Static site search optimization - Chris' Externalized Inner Monologue

I get this recurring urge to have a nice website, and usually fail to pull through after doing some interesting things and subsequently losing interest. The jury is still out on how it’s going to go this time, but I certainly reached an interesting thing: Search without a full-blown search engine.

Zola, the static page renderer that’s in use here, comes with support for two search libraries out of the box:

Fuse.js (a few more features)
Elasticlunr.js (leaner bundle)

Both have as basic operating principle that the static page renderer generates an index file that is loaded and searched directly on the client. Elasticlunr.js has a bit smaller footprint, so I went with this one.

I have a bit of a background with search technology, so having search on my site is absolutely necessary. Also, to avoid embarrassing myself, it should be decent.

Some functionality I added, and why:

Search quality🔗

These are implemented by passing additional parameters when calling Index.search.

Weigh fields by signal strength🔗

Matches in highly specific fields are stronger indicators for relevance than matches in fields containing lots of generic text. Zola’s integration of Elasticlunr.js index generation doesn’t make a lot of fields available, so there isn’t much we can do, e.g. to boost specific tags.

At least, we can give titles, which are densely filled with relevant information, a health boost relative to the document body.

{
  fields: {
    title: { boost: 1.5 },
    body: { boost: 1.0 }
  }
}

Enable term expansion🔗

Adding expand: true to the search options allows the search engine to expand the user query into tokens that exist in the index. This is useful for autocomplete and live search, where results for incomplete user input should be generated.

Fuzzy search🔗

Unfortunately, Elasticlunr.js doesn’t support real fuzzy search with spellchecking and stuff by itself, so I’d have to build that myself. Loading the whole index on the client is already a lot, and including a full dictionary as well wouldn’t help with page speed, so I’m not going down that road yet.

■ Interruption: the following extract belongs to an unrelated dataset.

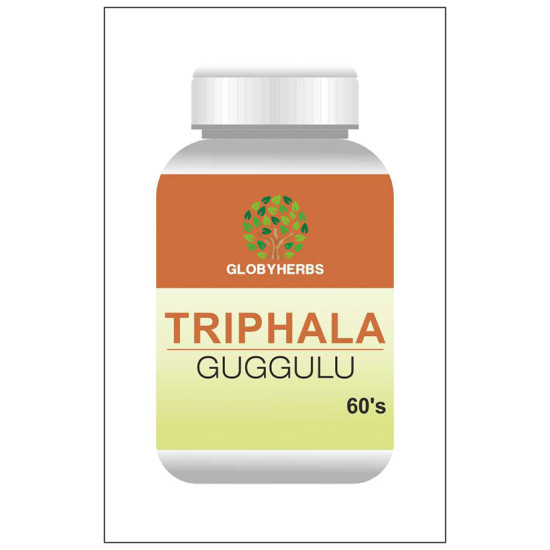 Globyherbs Triphala Guggulu Tablet image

As a compromise, I check the number of results after searching, and switch to OR logic, which requires only some of the search query terms to match rather than the default of requiring all terms to match. It’s basically just sending another request with bool: 'OR'.

This will still provide somewhat relevant results if one of the words is mistyped, but won’t help if the search query consists only of a single word.

User experience🔗

Search as you type🔗

Search is notoriously unreliable in most places, so getting someone to use it is already signaling trust. Giving much feedback nurtures that trust and guides the user towards a search query that works for them well.

Autocomplete would be best for that, because it gives a more focus overview of how well the query is finding results, but then I’d end up with a second thing to maintain.

Live search/search as you type is the next best thing, as it combines the benefits of frequent feedback with low maintenance.

Fuzzy search transparency🔗

Flipflopping between lots of semi-relevant results (with fuzzy search) and few specific results (with strict search) could confuse users and erode trust in the quality of the search feature. This is mitigated by showing when fuzzy search is used next to the number of results.

Linkable search results🔗

Searching automatically adds the user query with ?q=<user query> to the URL. Opening any page with this parameter automatically triggers search, allowing to link search results.

This is more useful in a context in which specific sets of products are often shared with others, e.g. e-commerce, but it helped me while working on search, because I didn’t have to type stuff to see the effect of my most recent changes after reloading.

Impractical things I would have liked to do🔗

Highlighting🔗

Showing a snippet of the matching document that contains the search query would have been great to illustrate the relevance of the results, but Elasticlunr.js doesn’t offer such functionality, so I’d have to build my own highlighter that extracts relevant snippets from the document.

Doing so isn’t particularly hard, but the index size increases if all article’s content has to be fully included in the index file, which is detrimental for overall performance.

Synonyms🔗

Synonyms would be useful to bridge linguistic ambiguity that humans take for granted, like finding house when searching for home.

This is yet another feature that Elasticlunr.js doesn’t have, and Zola isn’t open to be extended in that regard without submitting a patch upstream. The DIY effort isn’t worth it.

An interesting alternative could be vector search, but that could blow up index sizes and require WebGPU to work well, if decent-enough models aren’t too large to deliver to the browser in the first place.

Wait, should I have used Fuse.js instead?🔗

It can do better fuzzy search, but is more limited in language processing, so the scale remains level.

If I switch to another solution, it probably will be something on the server side so I can do things that would be too heavy for the browser, like vector search.

Conclusion🔗

Being used to working with the likes of Elasticsearch and Solr, it’s quite refreshing to see how far you can get in terms of search quality without using these behemoths. It’s clear that there is no reason to run a full search daemon for small sites.